L’organe de la haute
bourgeoisie, le Journal des Débats, les traite
de BARBARES, et déclare que le plus
grand danger qui puisse aujourd’hui
menacer l’État, est un PROLÉTAIRE
ÉLOQUENT. Ô Jésus ! Ô
Jean-Jacques ! Prolétaires
éloquents, l’entendez-vous ? c’est
vous qui êtes le fléau de la
société !
Ne dirait-on pas, à
entendre ces déclarations incendiaires,
que vingt millions de prolétaires sont là
rassemblés dans les Catacombes,
travaillant nuit et jour à la destruction
de l’ordre social ? Quelle
pitié ! Savez-vous ce qu’ils font ces
prolétaires que vous insultez
quotidiennement ? Tandis que vous
sonnez, soir et matin, le tocsin de la
guerre civile, ils sont, eux, paisiblement
rassemblés dans les ateliers et les
champs, occupés à nourrir, à enrichir
cette société ingrate que vous les accusez
de battre en brèche.
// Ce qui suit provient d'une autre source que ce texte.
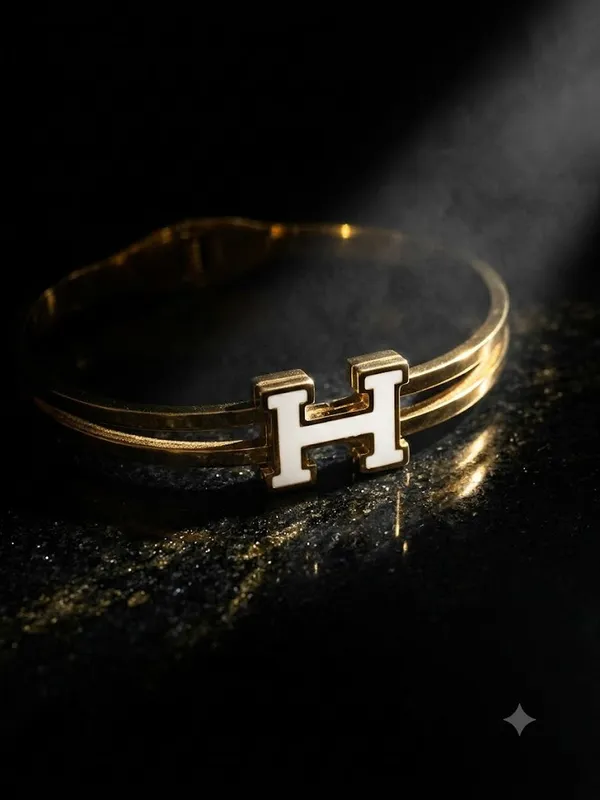 Gold_Stainless_Steel_H_Motif_Double_Band_Cuff_Bracelet_For_Women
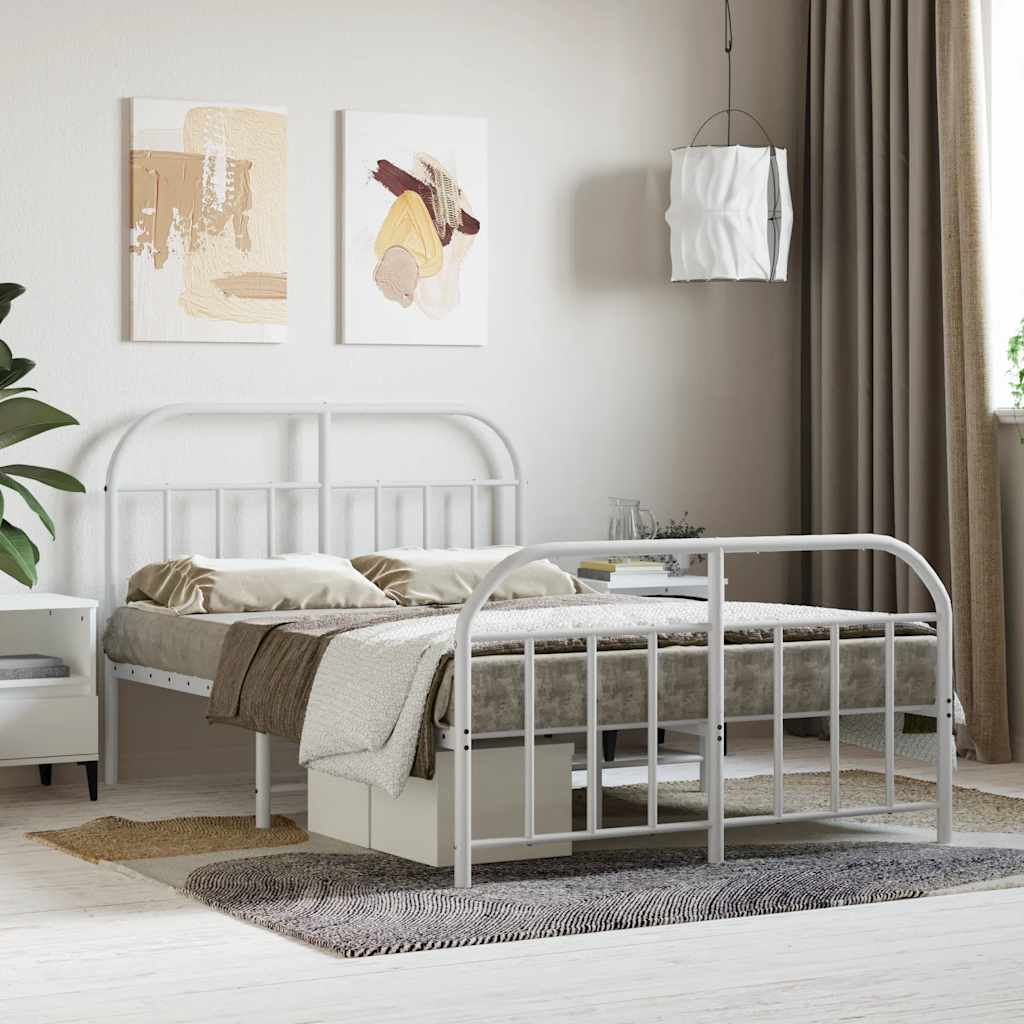 Metal Bed Frame without Mattress with Footboard with Headboard & Footboard White 120 cm 200 cm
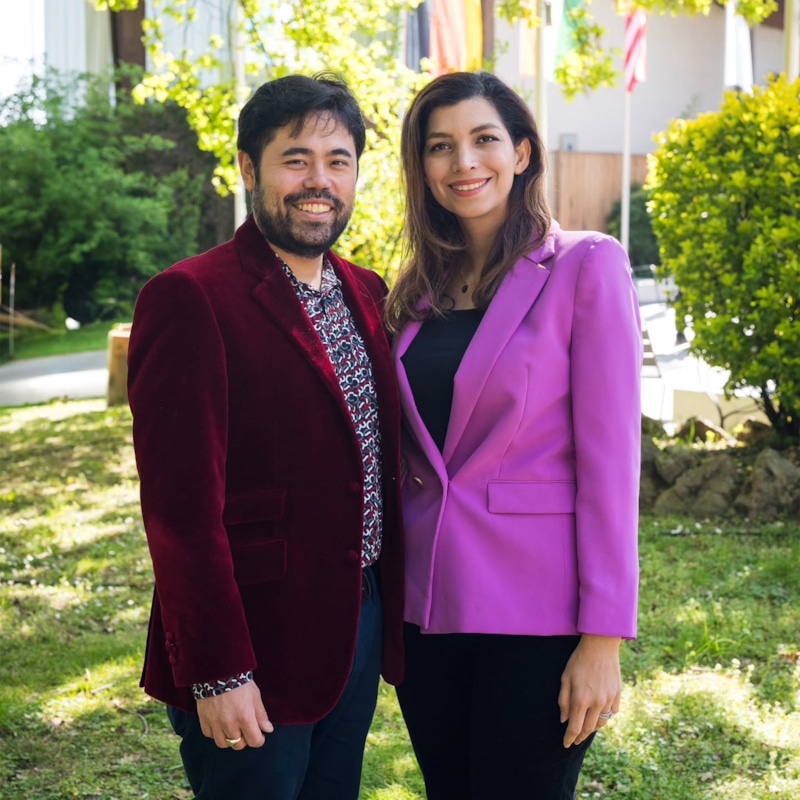 Хикару Накамура с женой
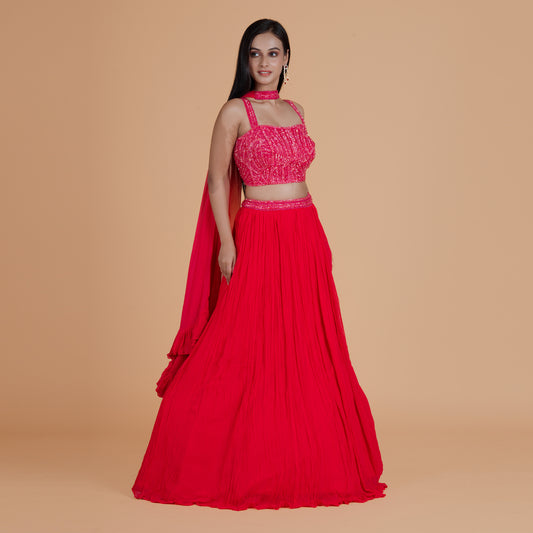 Pink Georgette Ghagra with Cutdana Work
Vous déclamez, ils se
taisent ; vous jouissez de la vie,
ils souffrent, et tandis que vous avez en
héritage la fortune et l’oisiveté, ils
conquièrent leur pain et le vôtre par le
travail. Les voilà ces formidables
conspirateurs ! Les voilà tels que la
réalité nous les montre !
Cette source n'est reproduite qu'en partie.